A "natural ability to sing" and a "natural ability to imitate" are two different things, of course, but you get the general idea: to sing well is seen as natural for and by Filipinos. (Not me, of course, as my friends can attest. But give me a karaoke mic in one hand and a bottle of beer in the other and I can do the collected oeuvre of Thom Yorke fairly well.)

So I am quite tickled by the idea that 3 out of the 14 finalists for the Voice of McDonald's II competition -- which I found out about via the New York Times -- are Filipino. (The third, if you even had to guess, is the Canadian guy.)

And I just love the fact that Mary Yu -- who does those cute hand gestures (and more) on "Son of a Preacher Man" -- is a choir member and "worship/song leader in our church." Holy Dusty Springfield! That's sure some church -- sign me up!

Meanwhile, speaking of other Filipinos, my friend Carolyn (who isn't Pinay but knows how to spot 'em) sent me this hilarious YouTube video of a Southwest Airlines commercial. That guy's gotta be Pinoy. What's even funnier is that I could totally see a Filipino guy doing this in real life, if I actually went to clubs.

Posted by the wily filipino at February 9, 2008 01:52 AM
Comments

Sounds like a wily group:

"O. D. Wolters" (his half brother?)
"assess the state of Filipino studies and anticipate its rhizomatous extensions into the 21st century" (I thought it was a corm.)
and Ileto!

What more do you want...

Posted by: 103.5 Spring Ln. on February 9, 2008 08:14 AM

Hey, I didn't write that blurb.

But how about that Amy Yu?

Posted by: the wily filipino on February 9, 2008 08:44 AM

You mean Mary? And the most delightful part is that she's all single entendre. I think. Certainly not an Omega Woman. Unless she's working the campus Mickey D's at DLS and then I must revise my impression down...

Posted by: 103.5 Spring Ln. on February 9, 2008 10:07 AM

Clearly her church's preacher man ain't keeping very good tabs on his kids -- and if she's Catholic, that's another thing altogether.

Posted by: the wily filipino on February 9, 2008 11:27 AM

What about the contestant on American Idol who did that whole Simon tribute in some outlandish gear?

This imitator tag sounds like the same archaic label put upon and surprisingly accepted by many to Japanese pop stars.

Posted by: brown on February 10, 2008 10:28 AM

That's the thing, though: "this imitator tag" has been around for over a century! Which suggests that it's probably closer to a kind of colonial mimicry, though I don't like the phrase...

I don't have my notes in front of me, so I may be totally getting this wrong. E. Taylor Atkins in "Blue Nippon" -- though he doesn't talk about contemporary pop -- writes about how Japanese jazz musicians were learning jazz in a very different pedagogical idiom, as the improvisatory techniques usually associated with jazz were in marked contrast to the rote *imitation* favored by music teachers (and art teachers) in Japan.
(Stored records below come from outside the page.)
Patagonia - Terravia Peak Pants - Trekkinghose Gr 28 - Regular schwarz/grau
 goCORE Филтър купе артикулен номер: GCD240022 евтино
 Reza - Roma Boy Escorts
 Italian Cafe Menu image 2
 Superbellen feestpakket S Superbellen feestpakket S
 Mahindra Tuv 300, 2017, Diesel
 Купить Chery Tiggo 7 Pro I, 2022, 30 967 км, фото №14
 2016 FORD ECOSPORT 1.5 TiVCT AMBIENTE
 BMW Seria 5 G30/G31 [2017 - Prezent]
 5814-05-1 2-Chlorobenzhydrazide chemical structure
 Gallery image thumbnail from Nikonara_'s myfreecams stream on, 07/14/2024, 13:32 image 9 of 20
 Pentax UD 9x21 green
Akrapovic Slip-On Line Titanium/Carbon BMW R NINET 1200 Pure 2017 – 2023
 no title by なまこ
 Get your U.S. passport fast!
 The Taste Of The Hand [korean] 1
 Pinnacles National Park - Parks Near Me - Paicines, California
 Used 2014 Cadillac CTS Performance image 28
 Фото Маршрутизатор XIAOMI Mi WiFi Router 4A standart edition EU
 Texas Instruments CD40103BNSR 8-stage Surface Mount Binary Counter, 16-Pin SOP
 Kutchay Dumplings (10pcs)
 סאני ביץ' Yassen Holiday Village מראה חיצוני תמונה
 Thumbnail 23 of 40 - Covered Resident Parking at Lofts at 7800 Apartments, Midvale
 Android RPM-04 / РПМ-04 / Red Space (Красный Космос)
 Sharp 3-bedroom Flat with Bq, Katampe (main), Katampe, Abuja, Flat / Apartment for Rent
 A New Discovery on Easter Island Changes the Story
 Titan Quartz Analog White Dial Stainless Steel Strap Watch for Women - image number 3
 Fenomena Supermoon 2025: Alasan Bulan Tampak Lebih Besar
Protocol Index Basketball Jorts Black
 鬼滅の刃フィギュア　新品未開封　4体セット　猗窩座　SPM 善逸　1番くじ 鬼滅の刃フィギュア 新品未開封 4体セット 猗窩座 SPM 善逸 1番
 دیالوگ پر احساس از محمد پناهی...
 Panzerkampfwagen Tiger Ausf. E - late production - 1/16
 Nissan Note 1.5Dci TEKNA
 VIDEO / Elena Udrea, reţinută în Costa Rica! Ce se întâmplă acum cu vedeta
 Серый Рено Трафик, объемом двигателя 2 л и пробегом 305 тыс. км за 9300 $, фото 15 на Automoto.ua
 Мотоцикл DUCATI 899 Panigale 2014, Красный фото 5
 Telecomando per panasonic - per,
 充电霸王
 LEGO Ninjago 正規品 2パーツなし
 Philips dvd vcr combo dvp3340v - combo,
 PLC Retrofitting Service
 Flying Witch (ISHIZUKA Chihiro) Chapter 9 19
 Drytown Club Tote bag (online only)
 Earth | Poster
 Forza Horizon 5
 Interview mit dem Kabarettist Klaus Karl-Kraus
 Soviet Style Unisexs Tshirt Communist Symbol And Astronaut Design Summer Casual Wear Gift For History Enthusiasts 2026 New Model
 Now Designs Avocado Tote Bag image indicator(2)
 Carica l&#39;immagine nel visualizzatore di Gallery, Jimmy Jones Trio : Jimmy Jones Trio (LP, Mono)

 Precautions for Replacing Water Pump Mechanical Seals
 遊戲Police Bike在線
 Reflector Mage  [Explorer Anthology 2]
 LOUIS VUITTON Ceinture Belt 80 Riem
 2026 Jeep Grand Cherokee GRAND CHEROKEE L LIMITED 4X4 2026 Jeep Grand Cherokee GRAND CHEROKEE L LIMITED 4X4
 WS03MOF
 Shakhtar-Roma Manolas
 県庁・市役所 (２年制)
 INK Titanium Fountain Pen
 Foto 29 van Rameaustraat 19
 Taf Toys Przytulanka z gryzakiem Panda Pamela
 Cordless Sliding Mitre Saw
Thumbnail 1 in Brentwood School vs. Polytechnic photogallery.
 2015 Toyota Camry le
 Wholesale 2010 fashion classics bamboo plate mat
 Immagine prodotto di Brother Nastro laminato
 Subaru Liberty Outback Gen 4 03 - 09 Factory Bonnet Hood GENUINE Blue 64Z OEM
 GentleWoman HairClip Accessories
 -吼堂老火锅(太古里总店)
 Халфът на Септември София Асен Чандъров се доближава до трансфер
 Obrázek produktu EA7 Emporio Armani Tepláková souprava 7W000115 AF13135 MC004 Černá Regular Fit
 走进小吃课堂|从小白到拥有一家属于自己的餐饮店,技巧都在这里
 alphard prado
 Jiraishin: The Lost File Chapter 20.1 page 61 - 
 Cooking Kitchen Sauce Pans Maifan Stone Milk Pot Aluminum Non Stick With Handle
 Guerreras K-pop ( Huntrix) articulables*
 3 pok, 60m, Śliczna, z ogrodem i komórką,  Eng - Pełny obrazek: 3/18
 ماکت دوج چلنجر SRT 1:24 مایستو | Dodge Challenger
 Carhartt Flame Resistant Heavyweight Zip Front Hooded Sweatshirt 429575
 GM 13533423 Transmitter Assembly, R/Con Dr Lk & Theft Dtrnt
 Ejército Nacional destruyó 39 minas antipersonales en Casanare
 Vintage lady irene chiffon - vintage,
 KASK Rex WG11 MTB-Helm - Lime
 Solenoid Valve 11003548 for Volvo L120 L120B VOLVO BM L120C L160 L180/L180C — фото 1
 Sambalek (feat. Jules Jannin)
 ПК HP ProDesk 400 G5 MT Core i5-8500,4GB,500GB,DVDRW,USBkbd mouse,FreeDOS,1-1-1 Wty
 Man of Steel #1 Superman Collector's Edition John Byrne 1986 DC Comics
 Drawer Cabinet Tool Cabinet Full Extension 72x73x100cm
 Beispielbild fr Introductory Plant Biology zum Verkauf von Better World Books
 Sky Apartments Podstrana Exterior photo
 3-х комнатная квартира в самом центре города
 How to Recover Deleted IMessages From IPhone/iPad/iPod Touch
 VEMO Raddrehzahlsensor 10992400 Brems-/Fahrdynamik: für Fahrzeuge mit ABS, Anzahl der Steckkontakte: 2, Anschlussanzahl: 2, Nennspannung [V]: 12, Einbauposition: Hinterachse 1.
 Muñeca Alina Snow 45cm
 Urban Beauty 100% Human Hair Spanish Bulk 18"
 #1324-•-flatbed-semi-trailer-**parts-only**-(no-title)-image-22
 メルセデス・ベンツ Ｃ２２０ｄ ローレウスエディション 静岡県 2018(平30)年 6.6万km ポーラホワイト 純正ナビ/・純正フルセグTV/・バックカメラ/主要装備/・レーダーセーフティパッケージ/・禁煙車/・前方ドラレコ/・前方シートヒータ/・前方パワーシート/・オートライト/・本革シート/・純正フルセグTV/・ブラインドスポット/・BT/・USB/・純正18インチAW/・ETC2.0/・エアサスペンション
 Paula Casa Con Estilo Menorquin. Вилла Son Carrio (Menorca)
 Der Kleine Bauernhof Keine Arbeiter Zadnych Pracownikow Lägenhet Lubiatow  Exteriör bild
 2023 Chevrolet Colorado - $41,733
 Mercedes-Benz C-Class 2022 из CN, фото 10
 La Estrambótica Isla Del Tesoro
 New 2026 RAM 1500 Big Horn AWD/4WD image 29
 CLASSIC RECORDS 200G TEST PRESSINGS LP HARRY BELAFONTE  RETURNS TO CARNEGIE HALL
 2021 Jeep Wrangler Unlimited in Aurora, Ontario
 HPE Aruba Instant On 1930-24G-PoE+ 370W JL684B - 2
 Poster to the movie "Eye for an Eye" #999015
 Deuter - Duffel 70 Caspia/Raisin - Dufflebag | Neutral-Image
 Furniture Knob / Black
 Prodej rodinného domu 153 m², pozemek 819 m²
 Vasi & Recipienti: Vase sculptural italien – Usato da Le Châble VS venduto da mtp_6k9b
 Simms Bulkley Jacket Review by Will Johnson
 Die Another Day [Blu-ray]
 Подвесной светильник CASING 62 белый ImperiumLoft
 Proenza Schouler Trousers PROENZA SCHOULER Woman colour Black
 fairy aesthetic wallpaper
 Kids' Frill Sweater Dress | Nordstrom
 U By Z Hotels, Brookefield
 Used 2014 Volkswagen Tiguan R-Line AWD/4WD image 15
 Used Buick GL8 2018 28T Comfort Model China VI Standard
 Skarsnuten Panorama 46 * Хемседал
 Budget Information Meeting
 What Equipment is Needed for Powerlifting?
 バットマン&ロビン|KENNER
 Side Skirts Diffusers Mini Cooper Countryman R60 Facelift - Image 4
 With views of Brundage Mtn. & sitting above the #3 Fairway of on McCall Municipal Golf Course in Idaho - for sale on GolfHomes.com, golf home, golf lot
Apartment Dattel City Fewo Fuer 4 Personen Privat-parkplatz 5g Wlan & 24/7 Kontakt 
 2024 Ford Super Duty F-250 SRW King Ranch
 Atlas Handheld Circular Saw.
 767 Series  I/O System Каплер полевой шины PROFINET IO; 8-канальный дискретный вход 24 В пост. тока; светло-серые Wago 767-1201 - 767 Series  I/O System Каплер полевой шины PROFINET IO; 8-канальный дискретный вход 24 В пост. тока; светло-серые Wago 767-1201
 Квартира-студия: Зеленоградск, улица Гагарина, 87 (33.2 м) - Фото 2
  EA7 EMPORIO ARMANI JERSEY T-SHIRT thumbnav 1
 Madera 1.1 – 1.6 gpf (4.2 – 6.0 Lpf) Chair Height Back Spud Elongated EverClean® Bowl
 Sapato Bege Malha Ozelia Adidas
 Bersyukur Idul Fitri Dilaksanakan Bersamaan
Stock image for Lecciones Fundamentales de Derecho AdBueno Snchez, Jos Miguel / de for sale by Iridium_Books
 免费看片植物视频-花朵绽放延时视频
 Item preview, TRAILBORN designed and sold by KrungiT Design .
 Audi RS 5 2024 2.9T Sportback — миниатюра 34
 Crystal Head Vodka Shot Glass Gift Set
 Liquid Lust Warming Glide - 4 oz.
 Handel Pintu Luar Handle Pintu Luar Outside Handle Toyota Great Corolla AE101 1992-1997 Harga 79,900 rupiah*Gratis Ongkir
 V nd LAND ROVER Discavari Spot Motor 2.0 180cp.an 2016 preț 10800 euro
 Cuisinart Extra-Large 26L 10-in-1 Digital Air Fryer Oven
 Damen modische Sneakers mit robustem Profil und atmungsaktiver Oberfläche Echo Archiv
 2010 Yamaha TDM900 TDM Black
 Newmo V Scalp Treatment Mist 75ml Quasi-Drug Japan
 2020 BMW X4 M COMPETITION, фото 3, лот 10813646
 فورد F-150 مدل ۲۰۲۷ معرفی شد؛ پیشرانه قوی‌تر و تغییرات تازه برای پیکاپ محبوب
(But guess which musicians from what country, traveling from port city to port city, were supposedly instrumental -- no pun intended -- in bringing jazz to Japan?)

Posted by: the wily filipino on February 11, 2008 10:05 AM

There's also that book Yellow Music (I forget the author, University of CA Press) concerning Jazz in China....totally tied to colonial/modernity theory.
I'm just wondering if there's a way to get past that argument and the "post-colonial" condition. I'm using a transculturalism/transnationalist approach for my study...but then again, buzzwords.

Check out Ian Coundry's (SP?) Hip Hop Japan. You may find it useful. NYU press, I believe.

Posted by: brown on February 13, 2008 02:16 PM

It's not going to be easy getting past the postcolonial argument if one is discussing the Philippines -- although I argue that the singers' repertoire are taken more from a transnationally shared list of songs.

What was your other comment? I wonder what was triggering the filter...

Posted by: the wily filipino on February 15, 2008 12:05 PM

this article by prominent pop-culture expert and professor roland tolentino might be a great help: http://rolandotolentino.blogspot.com/2008/01/videoke-at-kagalingan-sa-panggagaya-kpk.html#links

Posted by: en on February 20, 2008 03:11 AM

Hello en,

Thanks so much for the link to that great post! (I didn't even know Roland had a blog -- and he links to me too!)

Nice blog too -- is that your own poetry you posted on Jan. 2nd?